By Claudio Santos
Virtual reality brings a lot of new terminology to the post process, and we’re all having a hard time agreeing on the meaning of everything. It’s tricky because clients and technicians sometimes have different understandings of the same term, which is a guaranteed recipe for headaches in post.
Two terms that I’ve seen being confused a few times in the spatial audio realm are Gaze Activation and Focus. They are both similar enough to be put in the same category, but at the same time different enough that most of the times you have to choose completely different tools and distribution platforms depending on which technology you want to use.
Focus is what the Facebook Spatial Workstation calls this technology, but it is a tricky one to name. As you may know, ambisonics represents a full sphere of audio around the listener. Players like YouTube and Facebook (which uses ambisonics inside its own proprietary .tbe format) can dynamically rotate this sphere so the relative positions of the audio elements are accurate to the direction the audience is looking at. But the sounds don’t change noticeably in level depending on where you are looking.
If we take a step back and think about “surround sound” in the real world, it actually makes perfect sense. A hair clipper isn’t particularly louder when it’s in front of our eyes as opposed to when its trimming the back of our head. Nor can we ignore the annoying person who is loudly talking on their phone on the bus by simply looking away.

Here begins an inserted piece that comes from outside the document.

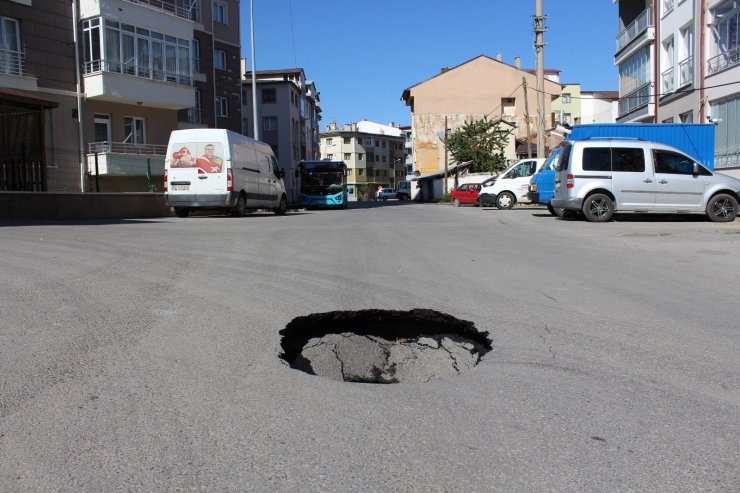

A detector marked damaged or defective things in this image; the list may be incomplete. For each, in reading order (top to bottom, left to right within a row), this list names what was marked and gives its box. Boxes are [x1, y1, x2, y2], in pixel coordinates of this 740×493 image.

cracked asphalt [1, 202, 740, 490]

But for narrative construction, it can be very effective to emphasize what your audience is looking at. That opens up possibilities, such as presenting the viewer with simultaneous yet completely unrelated situations and letting them choose which one to pay attention to simply by looking in the direction of the chosen event. Keep in mind that in this case, all events are happening simultaneously and will carry on even if the viewer never looks at them.
This technology is not currently supported by YouTube, but it is possible in the Facebook Spatial Workstation with the use of high Focus Values.
When we talk about focus, the key thing to keep in mind is that all the events happen regardless of the viewer looking at them or not. If instead you want a certain sound to only happen when the viewer looks at a certain prop, regardless of the time, then you are looking for Gaze Activation.
This concept is much more akin to game audio then to film sound because of the interactivity element it presents. Essentially, you are using the direction of the gaze and potentially the length of the gaze (if you want your viewer to look in a direction for x amount of seconds before something happens) as a trigger for a sound/video playback.
This is very useful if you want to make impossible for your audience to miss something because they were looking in the “wrong” direction. Think of a jump scare in a horror experience. It’s not very scary if you’re looking in the opposite direction, is it?
This is currently only supported if you build your experience in a game engine or as an independent app with tools such as InstaVR.
Both concepts are very closely related and I expect many implementations will make use of both. We should all keep an eye on the VR content distribution platforms to see how these tools will be supported and make the best use of them in order to make 360 videos even more immersive.
Claudio Santos is a sound editor and spatial audio mixer at Silver Sound. Slightly too interested in technology and workflow hacks, he spends most of his waking hours tweaking, fiddling and tinkering away on his computer.